The topic statement makes a rather unreal assumption. This is that the only effect of technology is to reduce working hours. Certainly, the old sixty-hour working week has been reduced to forty hours in most countries, and the tendency is downwards.

This, of course, was due in part to the replacement of manpower by machine power although until very recently in the West, the far more potent factor was the growing power of trade unions. Within the past ten years, however, this power has been demolished by a creeping world trade recession. Instead of being forced to increase wages and reduce working hours by the threat of strike action, many businesses have either closed down or laid off a massive number of workers.

In Britain, this applies to all the main industrial concerns as well as smaller private businesses. Almost all coal mines have, or will shortly close down due to the switch to nuclear power and gas as fuel for electricity production, and the almost total disappearance of coal as the fuel for domestic heating. In offices, computers have decimated numbers of white-collar workers. Machinery and large-scale farming have had the same effect on agriculture. Robotry has revolutionised car assembly and standardised containers have eliminated the need for power in the docks. Added to all this is a worldwide drop in consumer confidence, due to a reluctance to spend in view of widespread job insecurity.

So to say that ‘our leisure time is increasing’ is certainly true, even though the underlying assumption presupposes and ideal situation in which the advance of technology has had the single effect of shortening working hours. It may be that some countries are in this happy situation. The working hours may have gone down to say twenty-five hours without prejudice to job security or loss of income. Inflation is low. The GNP is adequate and the balance of payment sound. Morale remains high. The population has a good basic education. All that is required to find the right balance between work and play. Most people are not naturally lazy, so generally speaking the incentive to use leisure time constructively built-in.
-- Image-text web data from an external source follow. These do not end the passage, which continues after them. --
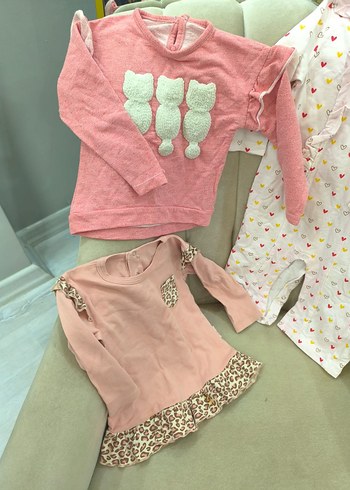 Tiffany Tomato 1,5 Yaş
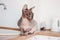 Purebred bald Sphynx cat grey tabby sitting on kitchen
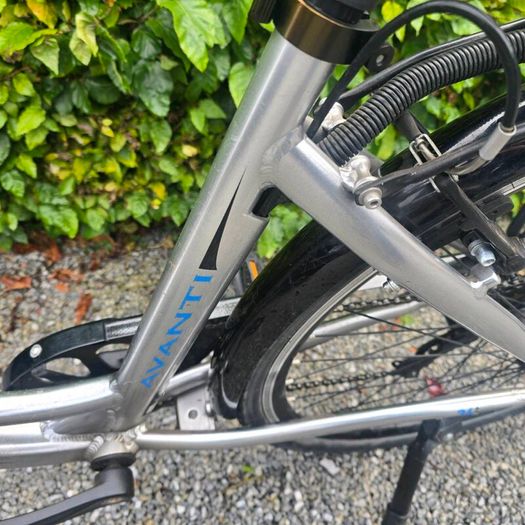 Ladies electric bike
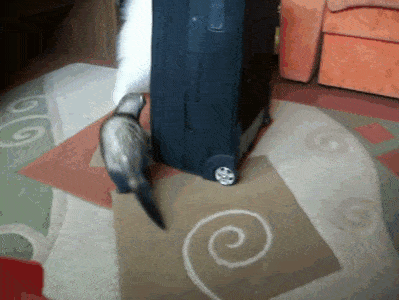 wfyokyga - Ale go zrobił w c---a xd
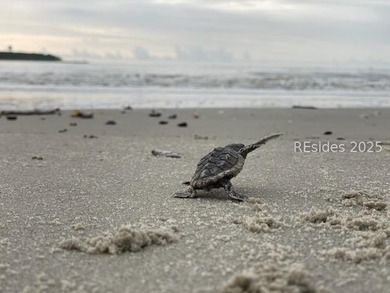 Walk to the beach and Atlantic Ocean in about 3 minutes! Side by - photo 18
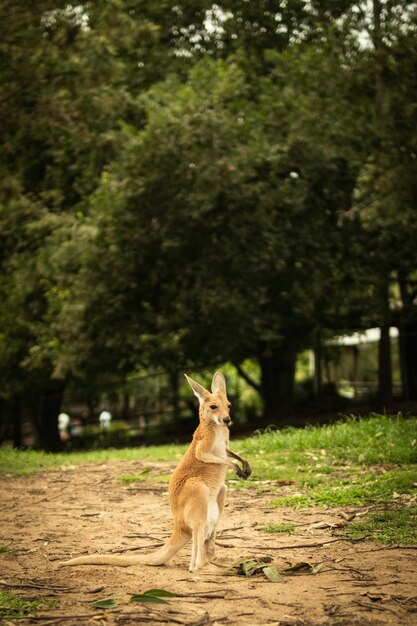 basenji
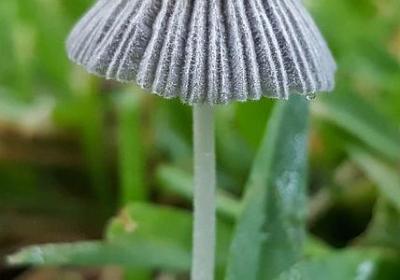 莎士比亚最经典的句子(必备40句)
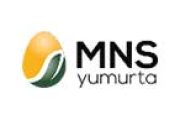 mns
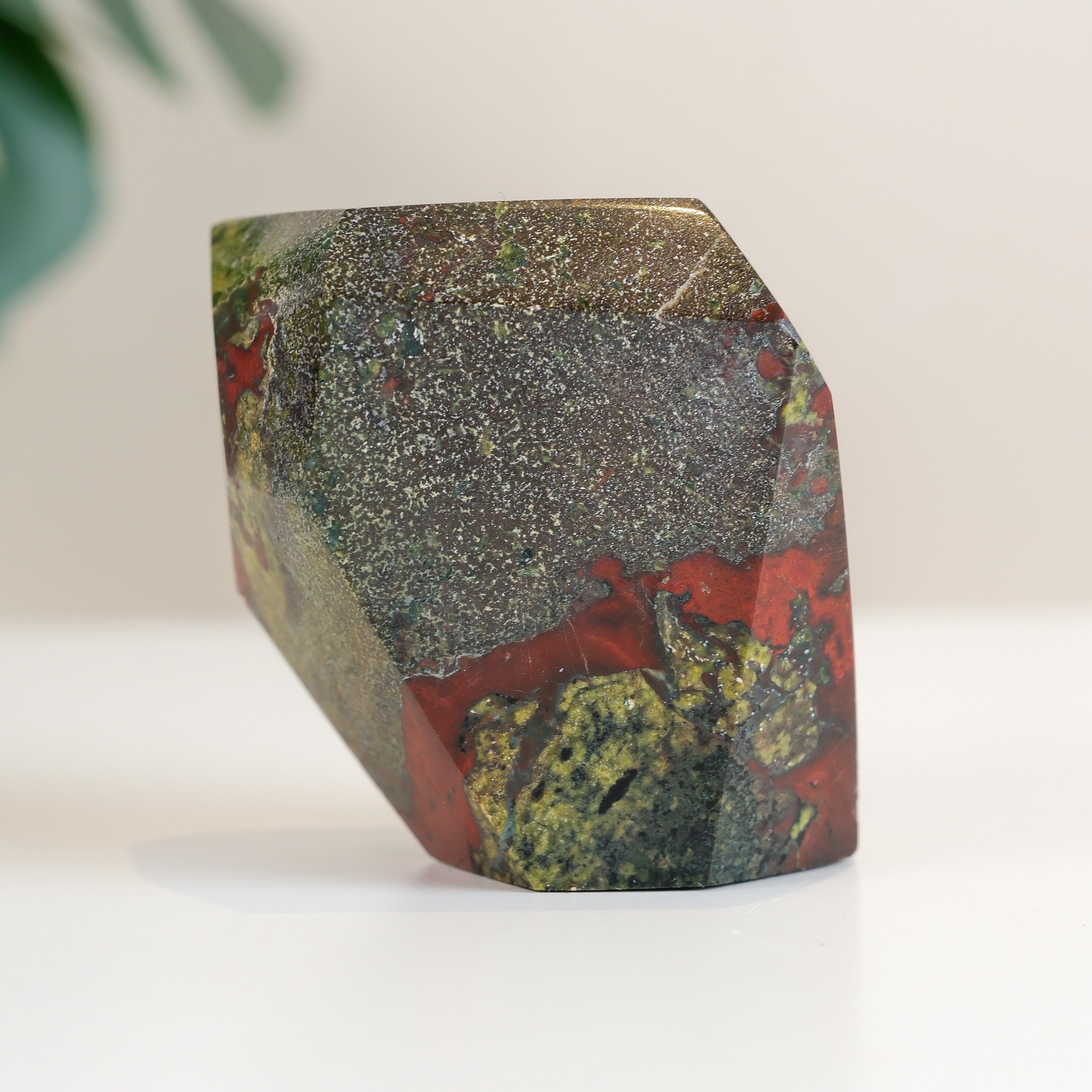 Dragons Blood Freeform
There are many ways in which this can be achieved, beginning at school. Most schools have a career adviser as a member of staff, and many education authorities employ a peripatetic educational psychologist. Their work could be extended. There is no reason why their advice should be limited to school progress and future job opportunities. Also, the object is to find out the young person’s true interests and capabilities. If academically inclined, the young person could be steered in that direction. A manually gifted child could be shown opportunities in that very wide field. Many countries could step up their coaching facilities for those who are good at sport.
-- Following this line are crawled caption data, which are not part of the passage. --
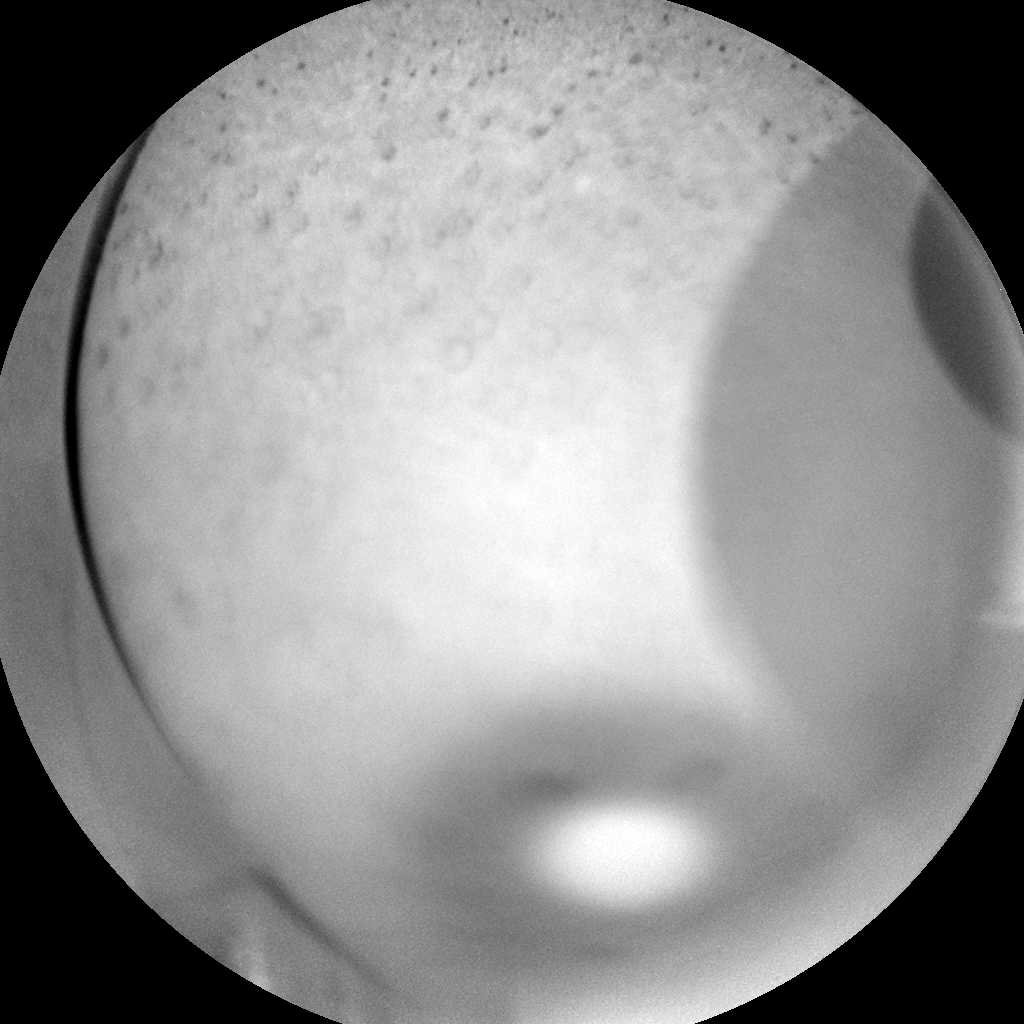 Nasa's Mars rover Curiosity acquired this image using its Chemistry & Camera (ChemCam) on Sol 310, at drive 658, site number 6
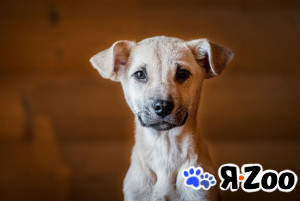 Адель ищет маму и папу в Москве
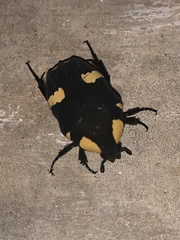 Clinteria imperialis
There is an old saying that ‘Satan hath some mischief yet for idle hands to do’. One of the aims of education should be to instil a liberal and humane attitude towards other people, especially those of other nationalities and alien cultures. A current problem in West Germany is xenophobia, caused by mass immigration from the east, and an uncertain economic future. National Socialism among unemployed youth, with its hallmarks of intolerance and violence, is increasing. The fears of these young people are real, but their behaviour shows up the basic deficiencies of their home and educational background. In Britain, extreme elements of Left and Right reflect their unrest by going in for petty crime and by showing hostility to the establishment and police.

The solution is right thinking and a positive attitude to leisure, whether that leisure is enforced or not. This need is generally recognised, and some countries already provide a range of opportunities. Britain offers training and retraining schemes for young people based on what used to be called ‘technical college’. Evening classes are available almost everywhere. The ‘Open University’ provides a spectrum of instruction via television. Libraries and specialised magazines have been generally available for decades.

The solution is a matter of personal incentive combined with professional direction. The key to both stems from parental direction and encouragement combined with enlightening schooling.